White House Press Secretary Kayleigh McEnany said in a statement that “many” members of Congress had requested the pardon for Hunter, who “dedicated much of his adult life to public service” and pled guilty to one count of misusing campaign funds in 2019.

A former Marine artillery officer who served in Iraq and Afghanistan, Hunter was the first post-9/11 combat veteran elected to Congress in 2008, where he made a name for himself as a military advocate, ‘vaping congressman‘, and recipient of an epic smack down by Army Gen. Ray Odierno.

In 2018, Hunter and his wife Margaret, then his campaign manager, were indicted by a federal grand jury on charges they used more than $250,000 in campaign funds on personal expenses including family vacations to Italy and Hawaii, groceries, expensive meals, and perhaps most notably, flying the family’s pet rabbit, Eggburt, across the country (the flying rabbit cost $500, in case you’re wondering).

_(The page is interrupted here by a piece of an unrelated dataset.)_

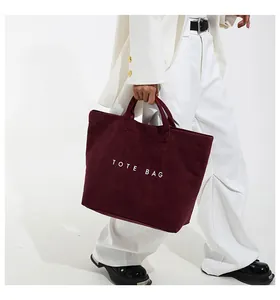 Dettaglio della borsa tote in velluto a coste bordeaux con trama e logo stampato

Other examples of Hunter’s impropriety revealed in court documents included campaign spending on extramarital affairs and a personal trip to Italy using $14,000 in campaign funds that Hunter tried to finagle into a work-related matter:

Marine Corps photo

“I take full responsibility,” Hunter said at his March sentencing. He resigned from Congress in January.

As my colleague Jared Keller observed, Hunter carried out the grift since early on his congressional career in 2009 and either “falsely stated the expenses were ‘campaign-related,'” or straight-up lied to the campaign treasurer, according to the indictment, which revealed, for instance, the time when Hunter wanted to buy “Hawaii shorts” but was low on cash so Margaret told him in a text message to try a golf pro shop so it could be claimed as the purchase of golf balls “for the wounded warriors.”

Needless to say, the wounded warriors never got the golf balls.

Hunter was among more than two dozen people to receive a full pardon on Tuesday, which included former campaign aide George Papadopoulos and four Blackwater guards convicted of killing 17 innocent Iraqi men, women, and children at a crowded intersection in Baghdad in 2007.